The discussion above assumes named typing where the name of an element determines its type, such as in DTDs.

However, in XSD and RELAX NG, an element may have different content models depending on its position in a content model as well. In these cases, the context also may be tested against the various cases in exactly the same way as above. (If there are multiple element uses remaining, the constraints of all of them need to be unioned, for weaker validation with no false negatives.)

This note does not deal with other features such as RELAX NG's interleave, SGML's & connector, XSD's nillibility, xsi:type, or substitution groups. I don't anticipate they will pose unsolvable problems.

SUMMARY

It is readily possible to convert many grammar-based schemas to Schematron mechanically. We don’t need to give up streaming implementations either, though obviously Schematron implentations build on XSLT would usually just use an in-memory DOM-like structure that limits file size: a streaming implementation is possible, since forward axes such as descendent:: are not used: strictly only the child, self, ancestor axes and their siblings need to be held in memory at any time.
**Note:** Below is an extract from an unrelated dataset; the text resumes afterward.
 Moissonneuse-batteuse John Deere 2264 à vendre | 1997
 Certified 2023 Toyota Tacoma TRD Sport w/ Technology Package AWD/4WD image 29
The method shown is not complete: some identifiable elements in some kinds of rare, convoluted content models may have some of their positional constraints merged with the constraints of another element with the same name that appears in the same context and some invalid subranges of cardinality on elements and runs may not be checked. In both cases, this slightly weaker validation will give no false negatives.